Detecting cycles in directed graphs using back edges is essential for deadlock detection in operating systems, dependency validation in build systems, and constraint checking in databases.

Topological Sorting

Used in task scheduling, build systems (Make, Maven), course prerequisite planning, and spreadsheet cell evaluation order.

Strongly Connected Components

Tarjan's algorithm and Kosaraju's algorithm both use DFS to find strongly connected components in directed graphs. These are used in compiler optimization, social network analysis, and 2-SAT solvers.

Maze Solving and Puzzle Exploration

DFS is a natural algorithm for maze solving: follow a path until you hit a dead end, then backtrack and try a different direction. This backtracking strategy applies to any search problem with a tree-like solution space.

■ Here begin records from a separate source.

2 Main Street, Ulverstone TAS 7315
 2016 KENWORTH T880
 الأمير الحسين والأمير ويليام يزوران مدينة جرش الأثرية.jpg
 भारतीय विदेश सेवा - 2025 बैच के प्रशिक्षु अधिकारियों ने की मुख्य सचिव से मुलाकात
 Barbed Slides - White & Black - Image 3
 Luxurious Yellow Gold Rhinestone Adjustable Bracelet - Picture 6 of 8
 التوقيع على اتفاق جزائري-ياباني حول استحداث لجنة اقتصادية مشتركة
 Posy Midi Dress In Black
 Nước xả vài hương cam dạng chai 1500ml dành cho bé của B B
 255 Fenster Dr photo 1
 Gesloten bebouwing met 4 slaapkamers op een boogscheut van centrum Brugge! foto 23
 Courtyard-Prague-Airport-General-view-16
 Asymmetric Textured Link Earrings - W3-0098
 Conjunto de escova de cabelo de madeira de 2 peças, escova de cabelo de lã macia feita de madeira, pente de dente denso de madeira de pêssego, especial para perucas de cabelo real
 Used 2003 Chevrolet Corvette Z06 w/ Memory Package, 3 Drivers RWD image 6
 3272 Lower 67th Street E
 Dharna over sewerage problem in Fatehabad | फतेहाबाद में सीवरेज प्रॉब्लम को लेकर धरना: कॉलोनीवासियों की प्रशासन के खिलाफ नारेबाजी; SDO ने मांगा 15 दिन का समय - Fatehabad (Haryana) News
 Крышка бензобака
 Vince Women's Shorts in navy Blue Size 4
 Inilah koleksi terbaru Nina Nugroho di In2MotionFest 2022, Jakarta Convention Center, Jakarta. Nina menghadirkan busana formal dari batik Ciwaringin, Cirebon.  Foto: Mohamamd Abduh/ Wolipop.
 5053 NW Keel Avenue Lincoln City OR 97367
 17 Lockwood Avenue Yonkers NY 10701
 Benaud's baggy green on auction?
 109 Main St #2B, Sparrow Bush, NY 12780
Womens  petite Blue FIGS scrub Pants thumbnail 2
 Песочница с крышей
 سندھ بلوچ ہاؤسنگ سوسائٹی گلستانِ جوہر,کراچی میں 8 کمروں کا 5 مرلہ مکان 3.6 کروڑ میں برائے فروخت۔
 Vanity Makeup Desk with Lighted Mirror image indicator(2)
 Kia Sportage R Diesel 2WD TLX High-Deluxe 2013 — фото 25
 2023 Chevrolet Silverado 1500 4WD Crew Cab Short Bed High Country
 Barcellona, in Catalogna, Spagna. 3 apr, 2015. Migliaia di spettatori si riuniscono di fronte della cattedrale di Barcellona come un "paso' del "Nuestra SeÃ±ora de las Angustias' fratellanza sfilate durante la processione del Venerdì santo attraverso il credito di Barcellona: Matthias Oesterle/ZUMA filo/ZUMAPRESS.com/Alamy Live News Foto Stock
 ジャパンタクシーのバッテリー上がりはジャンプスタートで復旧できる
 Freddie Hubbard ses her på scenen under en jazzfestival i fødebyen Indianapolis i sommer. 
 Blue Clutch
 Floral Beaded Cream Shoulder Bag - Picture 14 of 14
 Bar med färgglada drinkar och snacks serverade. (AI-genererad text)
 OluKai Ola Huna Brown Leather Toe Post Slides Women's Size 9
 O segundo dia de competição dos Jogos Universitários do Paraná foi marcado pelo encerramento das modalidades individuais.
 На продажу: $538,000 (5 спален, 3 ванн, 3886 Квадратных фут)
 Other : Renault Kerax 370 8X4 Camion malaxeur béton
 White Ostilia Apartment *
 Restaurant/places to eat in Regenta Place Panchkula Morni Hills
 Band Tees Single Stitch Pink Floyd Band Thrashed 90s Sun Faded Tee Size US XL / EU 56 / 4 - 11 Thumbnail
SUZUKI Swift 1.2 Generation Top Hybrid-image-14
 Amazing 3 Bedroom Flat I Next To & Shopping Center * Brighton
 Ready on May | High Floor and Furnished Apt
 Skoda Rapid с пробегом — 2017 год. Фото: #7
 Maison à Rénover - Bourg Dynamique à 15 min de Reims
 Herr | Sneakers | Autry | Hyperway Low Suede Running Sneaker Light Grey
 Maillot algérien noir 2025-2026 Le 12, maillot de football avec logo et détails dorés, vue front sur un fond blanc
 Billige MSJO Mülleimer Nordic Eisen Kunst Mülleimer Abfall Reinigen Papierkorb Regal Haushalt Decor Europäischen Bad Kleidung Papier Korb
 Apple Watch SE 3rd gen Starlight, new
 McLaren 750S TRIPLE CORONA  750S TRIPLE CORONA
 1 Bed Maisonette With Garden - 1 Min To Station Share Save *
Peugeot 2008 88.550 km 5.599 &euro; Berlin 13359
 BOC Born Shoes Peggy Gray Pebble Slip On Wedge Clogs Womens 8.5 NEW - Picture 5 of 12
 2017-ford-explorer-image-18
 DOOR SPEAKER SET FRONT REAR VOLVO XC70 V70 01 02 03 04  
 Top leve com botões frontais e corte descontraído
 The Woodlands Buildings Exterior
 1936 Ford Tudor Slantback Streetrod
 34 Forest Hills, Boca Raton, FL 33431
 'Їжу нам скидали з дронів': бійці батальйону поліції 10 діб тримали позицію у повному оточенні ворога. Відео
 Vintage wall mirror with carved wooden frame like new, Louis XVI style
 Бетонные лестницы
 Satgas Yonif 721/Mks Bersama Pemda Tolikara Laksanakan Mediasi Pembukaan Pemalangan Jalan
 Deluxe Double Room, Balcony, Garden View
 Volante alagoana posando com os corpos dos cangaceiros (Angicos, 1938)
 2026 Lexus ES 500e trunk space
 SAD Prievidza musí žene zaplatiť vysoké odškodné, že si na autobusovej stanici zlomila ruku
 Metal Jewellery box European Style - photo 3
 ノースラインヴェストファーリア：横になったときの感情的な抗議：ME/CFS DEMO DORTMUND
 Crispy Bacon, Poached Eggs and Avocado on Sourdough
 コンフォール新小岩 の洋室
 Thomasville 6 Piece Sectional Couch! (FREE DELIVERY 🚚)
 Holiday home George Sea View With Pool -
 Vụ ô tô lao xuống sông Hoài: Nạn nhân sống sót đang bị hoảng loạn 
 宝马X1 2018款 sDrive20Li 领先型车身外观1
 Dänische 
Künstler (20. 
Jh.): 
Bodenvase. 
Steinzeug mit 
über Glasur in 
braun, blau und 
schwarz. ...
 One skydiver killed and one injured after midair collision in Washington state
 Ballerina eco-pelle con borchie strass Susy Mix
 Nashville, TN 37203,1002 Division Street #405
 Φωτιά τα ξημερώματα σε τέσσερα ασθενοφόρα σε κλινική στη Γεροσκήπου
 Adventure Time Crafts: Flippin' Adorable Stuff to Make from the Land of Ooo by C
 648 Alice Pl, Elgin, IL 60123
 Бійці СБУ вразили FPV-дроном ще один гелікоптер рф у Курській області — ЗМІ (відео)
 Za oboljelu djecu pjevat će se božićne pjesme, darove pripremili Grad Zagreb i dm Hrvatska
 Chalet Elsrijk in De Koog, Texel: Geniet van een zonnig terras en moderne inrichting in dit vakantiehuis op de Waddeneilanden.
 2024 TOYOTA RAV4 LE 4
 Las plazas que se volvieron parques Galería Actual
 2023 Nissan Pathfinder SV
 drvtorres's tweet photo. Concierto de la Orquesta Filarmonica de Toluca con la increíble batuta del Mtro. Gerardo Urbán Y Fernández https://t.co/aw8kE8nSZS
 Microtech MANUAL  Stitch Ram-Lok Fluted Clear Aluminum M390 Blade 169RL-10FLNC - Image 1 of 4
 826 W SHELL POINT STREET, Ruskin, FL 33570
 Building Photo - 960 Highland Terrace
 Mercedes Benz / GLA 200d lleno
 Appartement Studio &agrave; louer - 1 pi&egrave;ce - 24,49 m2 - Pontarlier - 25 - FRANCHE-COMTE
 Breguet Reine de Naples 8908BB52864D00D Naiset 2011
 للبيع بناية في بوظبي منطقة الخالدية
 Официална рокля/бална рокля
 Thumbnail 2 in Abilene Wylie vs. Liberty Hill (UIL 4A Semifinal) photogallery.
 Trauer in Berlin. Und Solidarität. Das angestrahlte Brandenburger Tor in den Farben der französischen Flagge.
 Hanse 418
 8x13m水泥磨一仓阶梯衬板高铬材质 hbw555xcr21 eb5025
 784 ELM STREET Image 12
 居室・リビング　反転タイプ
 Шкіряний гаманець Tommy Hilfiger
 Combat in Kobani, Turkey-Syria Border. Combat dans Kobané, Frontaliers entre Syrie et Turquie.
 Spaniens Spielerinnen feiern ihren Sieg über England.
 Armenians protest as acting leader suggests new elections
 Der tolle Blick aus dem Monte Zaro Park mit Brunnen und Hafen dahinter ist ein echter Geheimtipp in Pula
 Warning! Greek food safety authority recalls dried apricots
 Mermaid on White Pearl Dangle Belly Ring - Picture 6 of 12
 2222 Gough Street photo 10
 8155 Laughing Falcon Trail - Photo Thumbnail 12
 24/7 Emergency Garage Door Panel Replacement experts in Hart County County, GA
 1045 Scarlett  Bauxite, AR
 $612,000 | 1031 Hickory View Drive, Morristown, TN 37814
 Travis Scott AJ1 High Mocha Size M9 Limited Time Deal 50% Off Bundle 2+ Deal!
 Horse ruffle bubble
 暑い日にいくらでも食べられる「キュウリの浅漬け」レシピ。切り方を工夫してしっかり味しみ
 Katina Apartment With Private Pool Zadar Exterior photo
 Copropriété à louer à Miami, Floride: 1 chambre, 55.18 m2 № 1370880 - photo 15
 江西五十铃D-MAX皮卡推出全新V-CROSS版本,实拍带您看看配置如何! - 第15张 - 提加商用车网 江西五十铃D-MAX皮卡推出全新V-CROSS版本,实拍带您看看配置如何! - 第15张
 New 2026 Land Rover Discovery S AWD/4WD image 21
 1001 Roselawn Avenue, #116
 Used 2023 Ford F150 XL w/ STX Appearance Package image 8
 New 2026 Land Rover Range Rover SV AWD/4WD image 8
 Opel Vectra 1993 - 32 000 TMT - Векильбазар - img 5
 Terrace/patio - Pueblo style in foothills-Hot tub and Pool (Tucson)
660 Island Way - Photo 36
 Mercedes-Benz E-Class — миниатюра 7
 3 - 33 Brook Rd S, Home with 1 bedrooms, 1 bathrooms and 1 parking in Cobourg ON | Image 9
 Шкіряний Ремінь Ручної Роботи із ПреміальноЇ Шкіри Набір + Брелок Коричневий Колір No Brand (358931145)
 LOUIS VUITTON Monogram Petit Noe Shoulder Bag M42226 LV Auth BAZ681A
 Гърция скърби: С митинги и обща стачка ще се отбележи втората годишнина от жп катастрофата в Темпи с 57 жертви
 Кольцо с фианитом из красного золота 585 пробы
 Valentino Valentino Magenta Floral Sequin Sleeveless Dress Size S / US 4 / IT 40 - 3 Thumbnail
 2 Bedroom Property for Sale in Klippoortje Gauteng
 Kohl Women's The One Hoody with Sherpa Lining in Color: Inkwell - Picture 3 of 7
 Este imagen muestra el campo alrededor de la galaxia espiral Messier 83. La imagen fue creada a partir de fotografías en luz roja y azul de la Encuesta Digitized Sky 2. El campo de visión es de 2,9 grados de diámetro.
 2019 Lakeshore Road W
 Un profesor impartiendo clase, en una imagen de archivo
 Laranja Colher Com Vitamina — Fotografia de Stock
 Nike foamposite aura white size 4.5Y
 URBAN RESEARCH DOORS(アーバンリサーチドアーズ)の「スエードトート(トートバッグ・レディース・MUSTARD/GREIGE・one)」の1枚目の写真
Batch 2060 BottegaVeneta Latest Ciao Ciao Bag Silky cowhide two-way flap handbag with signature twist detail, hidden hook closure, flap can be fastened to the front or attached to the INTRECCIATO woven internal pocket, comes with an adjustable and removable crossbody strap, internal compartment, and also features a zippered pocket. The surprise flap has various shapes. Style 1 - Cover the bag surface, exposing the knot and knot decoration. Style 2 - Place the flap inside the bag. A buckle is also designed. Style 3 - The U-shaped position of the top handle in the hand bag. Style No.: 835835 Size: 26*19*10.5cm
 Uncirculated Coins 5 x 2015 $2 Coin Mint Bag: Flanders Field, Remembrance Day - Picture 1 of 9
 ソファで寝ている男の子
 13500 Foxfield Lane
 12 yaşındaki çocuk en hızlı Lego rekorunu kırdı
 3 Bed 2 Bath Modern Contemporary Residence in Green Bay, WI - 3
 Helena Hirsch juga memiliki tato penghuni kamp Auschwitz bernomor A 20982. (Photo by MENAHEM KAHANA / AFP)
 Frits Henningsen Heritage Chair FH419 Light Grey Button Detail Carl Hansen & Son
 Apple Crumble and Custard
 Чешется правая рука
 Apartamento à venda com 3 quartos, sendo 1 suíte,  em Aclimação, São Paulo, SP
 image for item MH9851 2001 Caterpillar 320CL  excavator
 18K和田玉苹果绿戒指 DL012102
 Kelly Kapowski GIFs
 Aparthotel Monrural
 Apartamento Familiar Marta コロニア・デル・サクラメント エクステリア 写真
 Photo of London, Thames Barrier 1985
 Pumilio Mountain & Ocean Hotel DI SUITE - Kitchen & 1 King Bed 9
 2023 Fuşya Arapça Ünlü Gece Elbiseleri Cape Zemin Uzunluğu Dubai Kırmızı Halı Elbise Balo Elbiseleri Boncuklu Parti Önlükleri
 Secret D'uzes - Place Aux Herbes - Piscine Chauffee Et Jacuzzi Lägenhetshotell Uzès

Finding Articulation Points and Bridges

DFS can identify articulation points (vertices whose removal disconnects the graph) and bridges (edges whose removal disconnects the graph) in O(V + E) time, which is critical for network reliability analysis.

Game Trees and AI

Minimax search and alpha-beta pruning for game AI are DFS-based algorithms that explore the game tree depth-first to find optimal moves.

References

Cormen, T. H., Leiserson, C. E., Rivest, R. L., and Stein, C. Introduction to Algorithms (3rd ed.). MIT Press, 2009. Section 22.3: Depth-First Search.
Tarjan, R. E. "Depth-First Search and Linear Graph Algorithms." SIAM Journal on Computing, 1(2):146-160, 1972.
Sedgewick, R. and Wayne, K. Algorithms (4th ed.). Addison-Wesley, 2011. Section 4.1: Undirected Graphs.
Dasgupta, S., Papadimitriou, C., and Vazirani, U. Algorithms. McGraw-Hill, 2006. Chapter 3: Decompositions of Graphs.
Skiena, S. S. The Algorithm Design Manual (2nd ed.). Springer, 2008. Section 5.8: Depth-First Search.